Tim Flach est l’un des plus célèbres photographes de nature contemporains. Ses portraits d’animaux pris « comme des humains » ont fait le tour du monde. Son seul défi : montrer qu’il existe un langage commun entre l’homme et l’animal, entre l’homme et la nature. Susciter l’empathie nécessaire pour que l’humanité se sente enfin concernée par les sorts de la planète. Nous lui avons posé quelques questions. (Photo d’ouverture : © Tim Flach / Lemur Leaf Frog)
Voyageur aguerri, reporter du terrain, sensible aux causes environnementales, Tim Flach est l’un des noms les plus reconnus de la photographie contemporaine.
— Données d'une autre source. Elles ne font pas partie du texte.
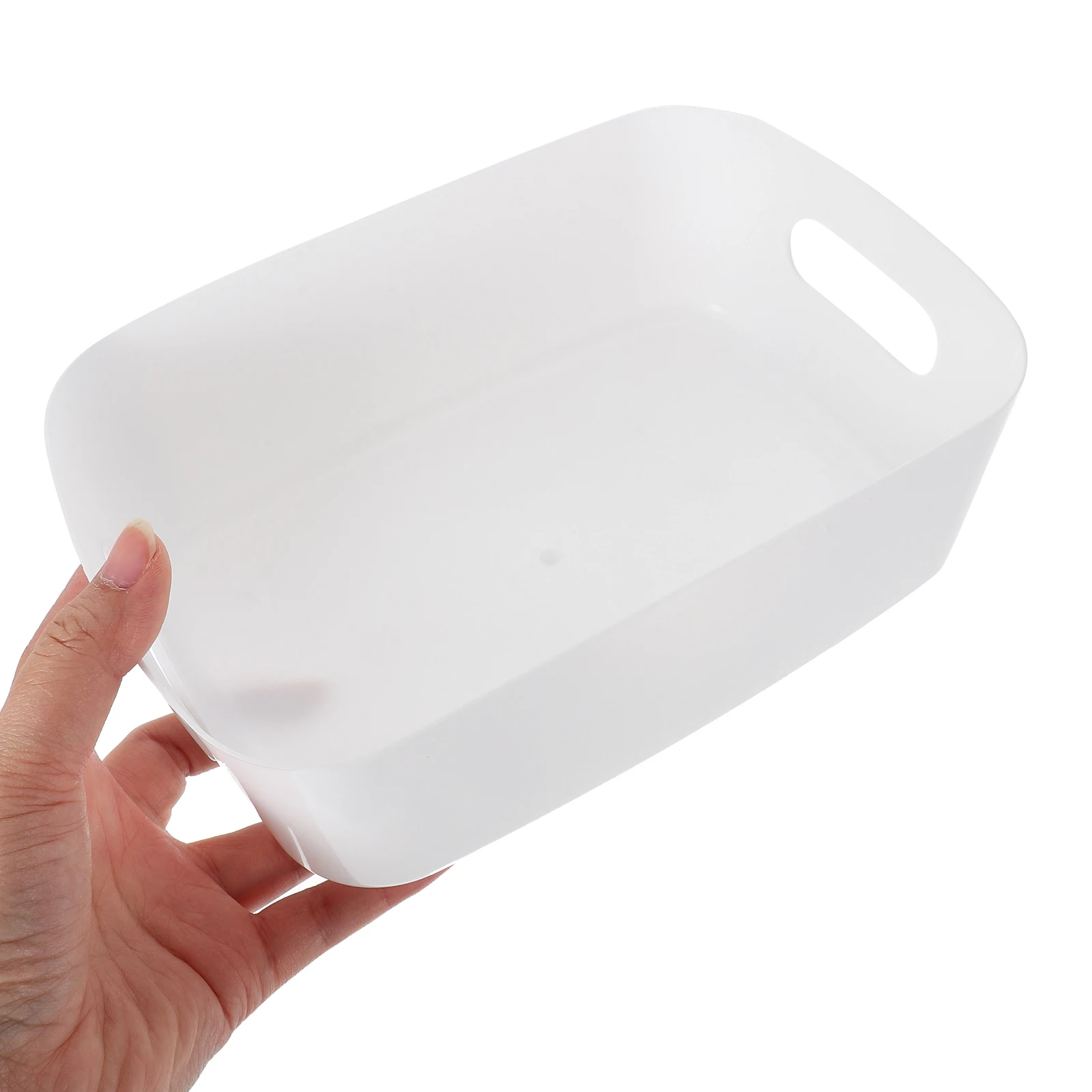 

6 Pcs White Storage Bins ABS Kitchen Bathroom Bedroom Closet Pantry Desk Baskets for Home Use ganizing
Ses portraits d’animaux ont fait le tour du monde et ont été l’objet de plusieurs livres, dont le plus connu, More than Humans, nous présente la faune terrestre sous un jour nouveau.
Photographiés comme des véritables personnages, ces animaux dévoilent une sensibilité et une délicatesse inouïes, prouvant, si jamais le doute pouvait encore persister, que l’empathie n’est pas que chose humaine. Dans un deuxième opus aussi bouleversant que nécessaire, Endangered, le reporter britannique met à l’honneur des animaux en voie de disparition. Une dernière tentative, animée par un espoir jamais terni, de préserver une planète de laquelle l’homme s’est tout simplement déconnecté.
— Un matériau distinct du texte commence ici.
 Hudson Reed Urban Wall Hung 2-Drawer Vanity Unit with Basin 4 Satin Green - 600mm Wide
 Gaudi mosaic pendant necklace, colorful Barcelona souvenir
« J’ai commencé à photographier des animaux pour apporter une contribution au débat sur l’environnement » dévoile le photographe. La première fois que Tim Flach a immortalisé des animaux c’était au zoo de Londres. Il s’aperçoit alors que quelque chose se passe dans la rencontre entre l’homme et l’animal : deux sensibilités se rapprochent, jusqu’à pouvoir se comprendre, malgré l’absence de langage commun. C’est cette zone d’empathie entre espèces différentes et pourtant vivant sur une même planète qui fascine le photographe.
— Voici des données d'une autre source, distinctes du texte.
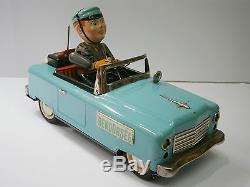 Vintage Amazing 50s Battery Tin Toy Rendorseg Foreign Mistery Police Car Works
Une connexion possible que les hommes ont oublié, de plus en plus, pour arriver à conformer le territoire à leurs besoin. Comment l’homme façonne la nature à sa faveur ? Pourquoi le fait-il ? Ne se rend-il pas compte du danger auquel il s’est exposé du moment qu’il a arrêté cette connexion avec les autres êtres vivants ? Enfermé dans une bulle technologique, l’homme a tourné le dos à son environnement. « La photographie est un moyen de renseigner les gens mais aussi de les émouvoir. L’art travaille sur une partie du cerveau inconsciente, spontanée, abstraite, mais qui paradoxalement se rapproche plus du réel que la partie rationnelle. » Est-il plus pragmatique de continuer à pousser la technologie, ignares des limites que la nature impose, ou bien ressentir une empathie envers le vivant qui nous empêcherait de le détruire, à la lumière des dangers désormais évidents ?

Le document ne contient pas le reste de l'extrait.